- Assignment
The lines to copy are those in the listing below that contain the word "Heart".
- - -
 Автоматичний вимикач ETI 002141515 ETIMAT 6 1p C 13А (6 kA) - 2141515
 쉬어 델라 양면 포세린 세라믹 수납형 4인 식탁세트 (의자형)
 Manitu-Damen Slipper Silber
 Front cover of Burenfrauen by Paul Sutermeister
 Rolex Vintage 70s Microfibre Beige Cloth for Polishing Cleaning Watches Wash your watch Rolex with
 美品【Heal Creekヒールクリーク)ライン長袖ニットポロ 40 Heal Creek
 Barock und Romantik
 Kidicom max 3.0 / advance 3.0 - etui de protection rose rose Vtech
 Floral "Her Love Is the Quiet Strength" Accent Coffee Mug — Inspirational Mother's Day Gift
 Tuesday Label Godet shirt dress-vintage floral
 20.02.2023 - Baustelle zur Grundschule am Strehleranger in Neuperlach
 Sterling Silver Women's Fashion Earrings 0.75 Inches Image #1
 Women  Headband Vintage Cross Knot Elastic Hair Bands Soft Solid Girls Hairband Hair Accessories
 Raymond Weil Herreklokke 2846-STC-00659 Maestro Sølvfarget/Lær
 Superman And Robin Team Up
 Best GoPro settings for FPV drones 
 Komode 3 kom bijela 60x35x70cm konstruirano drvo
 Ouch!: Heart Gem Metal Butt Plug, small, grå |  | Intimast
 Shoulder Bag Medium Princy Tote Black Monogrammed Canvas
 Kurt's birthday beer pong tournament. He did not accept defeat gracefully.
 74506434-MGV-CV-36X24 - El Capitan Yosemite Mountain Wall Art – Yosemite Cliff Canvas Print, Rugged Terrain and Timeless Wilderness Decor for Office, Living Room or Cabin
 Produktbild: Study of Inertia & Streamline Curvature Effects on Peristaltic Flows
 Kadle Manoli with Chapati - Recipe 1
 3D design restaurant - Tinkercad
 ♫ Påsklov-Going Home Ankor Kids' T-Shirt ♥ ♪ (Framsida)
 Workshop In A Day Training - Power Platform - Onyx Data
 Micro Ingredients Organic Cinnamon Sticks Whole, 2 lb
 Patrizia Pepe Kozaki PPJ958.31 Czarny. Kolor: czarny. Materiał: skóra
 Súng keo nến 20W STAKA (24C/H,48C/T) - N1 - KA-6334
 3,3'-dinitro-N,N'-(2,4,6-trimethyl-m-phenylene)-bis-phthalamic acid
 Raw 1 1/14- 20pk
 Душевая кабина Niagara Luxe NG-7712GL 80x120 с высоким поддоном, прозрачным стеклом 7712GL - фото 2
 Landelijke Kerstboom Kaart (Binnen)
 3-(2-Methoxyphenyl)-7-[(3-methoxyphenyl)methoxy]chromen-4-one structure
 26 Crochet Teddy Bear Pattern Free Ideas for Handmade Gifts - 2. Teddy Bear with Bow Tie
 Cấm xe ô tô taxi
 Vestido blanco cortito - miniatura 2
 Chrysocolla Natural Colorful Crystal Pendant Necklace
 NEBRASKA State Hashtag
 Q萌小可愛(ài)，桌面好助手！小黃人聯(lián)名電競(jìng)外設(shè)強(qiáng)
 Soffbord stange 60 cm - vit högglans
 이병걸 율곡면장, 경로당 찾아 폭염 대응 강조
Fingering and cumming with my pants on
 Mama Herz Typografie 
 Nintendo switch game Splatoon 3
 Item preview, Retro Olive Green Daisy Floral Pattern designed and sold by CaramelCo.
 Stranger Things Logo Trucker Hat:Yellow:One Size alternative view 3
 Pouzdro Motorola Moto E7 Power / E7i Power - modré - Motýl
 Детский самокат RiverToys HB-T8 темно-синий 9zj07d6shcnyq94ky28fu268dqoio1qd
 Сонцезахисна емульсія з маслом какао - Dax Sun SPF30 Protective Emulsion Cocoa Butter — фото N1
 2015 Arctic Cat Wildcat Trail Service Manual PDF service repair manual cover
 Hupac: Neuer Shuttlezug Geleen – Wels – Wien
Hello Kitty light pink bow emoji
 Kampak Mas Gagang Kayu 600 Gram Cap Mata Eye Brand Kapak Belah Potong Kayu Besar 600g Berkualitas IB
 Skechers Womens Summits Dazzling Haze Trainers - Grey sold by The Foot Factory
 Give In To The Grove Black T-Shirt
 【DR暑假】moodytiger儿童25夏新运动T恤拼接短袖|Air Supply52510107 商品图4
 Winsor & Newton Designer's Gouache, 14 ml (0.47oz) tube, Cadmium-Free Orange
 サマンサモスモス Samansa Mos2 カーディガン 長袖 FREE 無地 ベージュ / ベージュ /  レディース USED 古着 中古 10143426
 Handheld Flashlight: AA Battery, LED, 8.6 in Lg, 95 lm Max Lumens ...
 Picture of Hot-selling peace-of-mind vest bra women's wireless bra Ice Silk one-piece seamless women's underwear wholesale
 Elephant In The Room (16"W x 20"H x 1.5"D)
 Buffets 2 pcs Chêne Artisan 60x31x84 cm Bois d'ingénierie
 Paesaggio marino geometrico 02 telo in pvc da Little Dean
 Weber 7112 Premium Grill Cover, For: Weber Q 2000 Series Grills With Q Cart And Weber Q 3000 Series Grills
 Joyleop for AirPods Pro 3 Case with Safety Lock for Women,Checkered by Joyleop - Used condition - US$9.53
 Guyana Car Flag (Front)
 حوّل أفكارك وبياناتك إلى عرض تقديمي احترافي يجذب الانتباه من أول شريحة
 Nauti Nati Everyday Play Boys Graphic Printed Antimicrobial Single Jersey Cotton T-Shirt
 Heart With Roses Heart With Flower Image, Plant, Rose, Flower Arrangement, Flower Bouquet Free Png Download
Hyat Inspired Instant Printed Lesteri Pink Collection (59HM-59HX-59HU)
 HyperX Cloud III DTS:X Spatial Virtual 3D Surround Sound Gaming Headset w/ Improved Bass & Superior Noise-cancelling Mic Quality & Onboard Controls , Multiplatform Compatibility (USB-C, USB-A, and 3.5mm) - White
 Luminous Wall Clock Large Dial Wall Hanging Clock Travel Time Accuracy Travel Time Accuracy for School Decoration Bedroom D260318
- - -
- Response
 Ouch!: Heart Gem Metal Butt Plug, small, grå |  | Intimast
 Heart With Roses Heart With Flower Image, Plant, Rose, Flower Arrangement, Flower Bouquet Free Png Download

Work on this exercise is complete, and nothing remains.